Photo: Screenshot of Weibo


Hit South Korean period drama River Where the Moon Rises, set in the ancient Goguryeo Kingdom (37 BC - 668), has earned an unprecedented low score of 2.3/10 on major Chinese media review site Douban after it irritated many Chinese netizens who have condemned the drama for "plagiarizing" costumes from Chinese dramas. 

The drama starring South Korean stars Kim So-hyun and Ji Soo was released on South Korean channel KBS2 on February 15 and tells a classic Goguryeo folk tale between the Princess Pyeonggang and On Dal.

The drama has proved to be extremely popular among South Korean audiences as the average nationwide viewership ratings have reached 5.8 and 9.7 percent. However, some of the show's content and the way it depicts the history of the kingdom has evoked the anger of many Chinese viewers.

Photo: Screenshot of Weibo


Many Chinese netizens have posted photos of the costumes in the drama on social media alongside photos of costumes from Chinese period dramas, noting that many similarities exist. 

For instance, under one comparison post users note how the helmet and armor worn by Kim's character looks almost the same as those worn by Chinese actress Zhao Liying in the period drama Princess Agents, while Kim's hairstyle is similar to the style famous Chinese actress Gong Li wore in Zhang Yimou's film Curse of the Golden Flower. Another post compares the clothes Ji wears in one scene to those worn by Zhang Ruoyun in the Chinese drama Joy of Life

Some Chinese netizens also showed concern that South Korea is trying to use the drama to claim that the history of the Goguryeo Kingdom belongs solely to the history of South Korea and is not related to the history of China or North Korea and to stir up nationalist sentiment among South Korean netizens. 

Lü Chao, director of the Research Institute for Borderland at the Liaoning Academy of Social Sciences, told the Global Times on Sunday that the Goguryeo Kingdom was located in the northern and central parts of the Korean Peninsula as well as the southern and central parts of what is now Northeast China. Eventually the kingdom came to an end when it was destroyed by an alliance between the Korean Silla Kingdom (57-935) and the Chinese Tang Dynasty (618-907).

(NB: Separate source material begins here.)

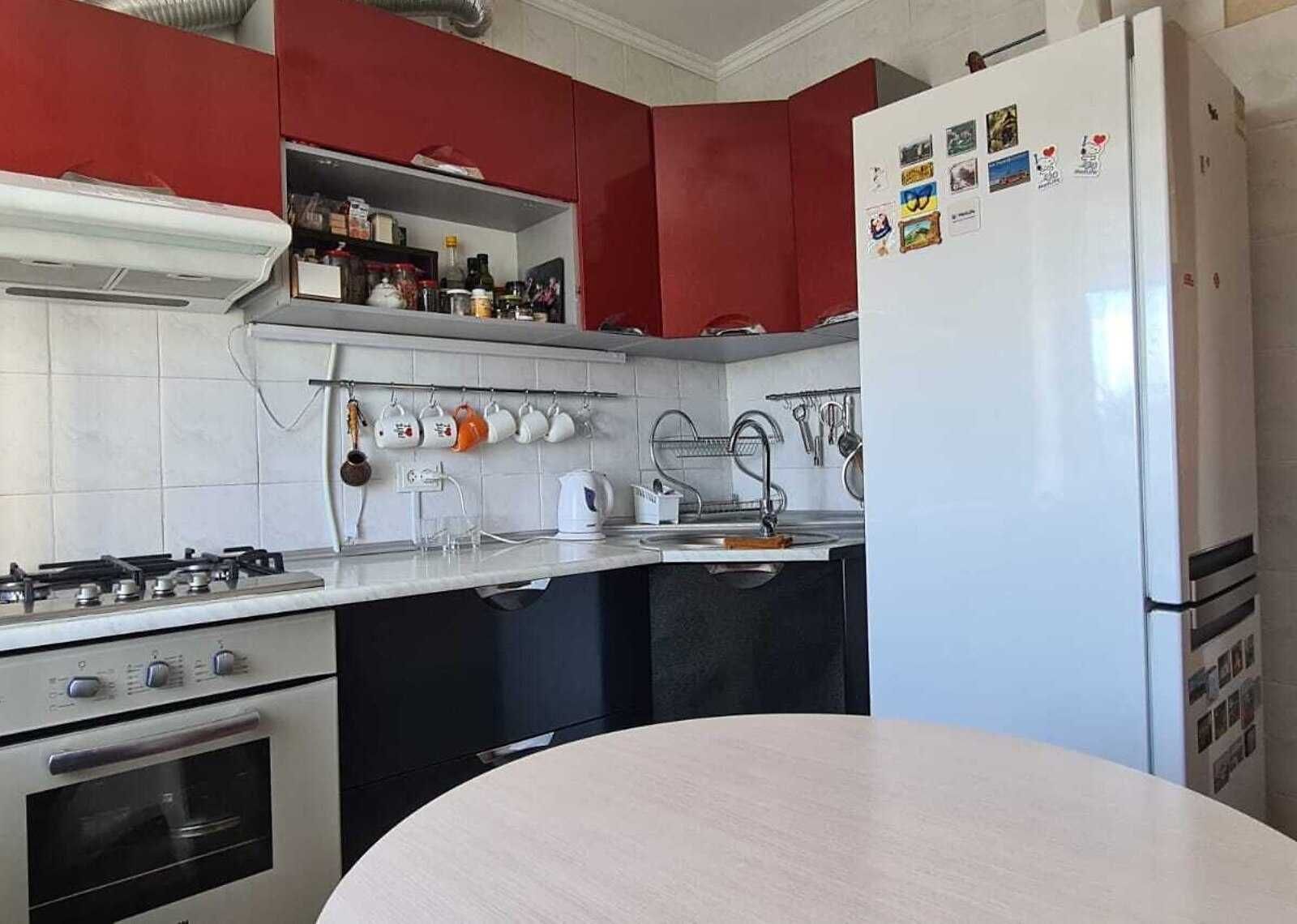 Продаж 1к квартири на вул. Замостянська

Fan Xiaoqing, an associate professor with the Theater and Film Academy of the Communication University of China, told the Global Times that when it comes to film and TV, keeping an open mind is much more important than fighting over the origins of a specific culture.

"There are many similarities in cultural elements between China and South Korea. River Where the Moon Rises may be inspiration on this historical and traditional culture. We should have a tolerant attitude toward this," said Fan.

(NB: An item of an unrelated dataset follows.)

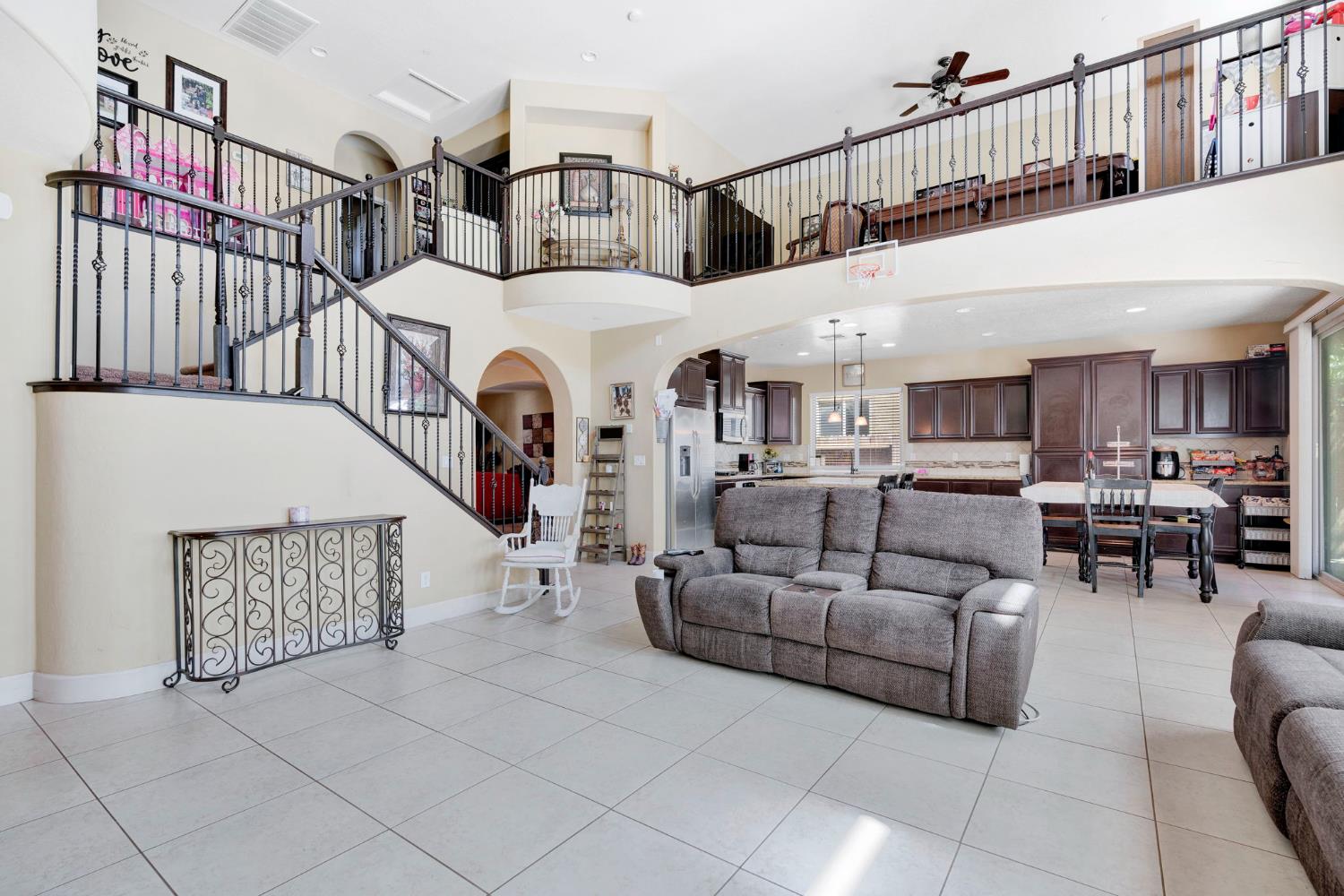 3450 N Jason Ave, Fresno, CA 93737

The clothing maker for the drama on Sunday explained on SNS that the costume design is based on murals found in Goguryeo Kingdom tombs, according to a Sunday blog post from movieiii, a popular film and TV review and critic account on Wechat. 

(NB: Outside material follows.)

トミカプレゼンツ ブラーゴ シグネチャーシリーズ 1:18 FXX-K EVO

"We utilized ideas from the Goguryeo Kingdom tomb murals and other historical documents, which explicitly are from ancient Korean studies, in the process of creating these garments."

According to reports, the relics of the ancient Goguryeo (Koguryo) Kingdom tomb site were inscribed onto the UNESCO World Heritage List in 2004. The murals of the Goguryeo Tomb in Northeast China's Jilin Province were illegally excavated in the late 1990s and were later illegally transported to South Korea, where some of them are now displayed at the National Museum of Korea in Seoul.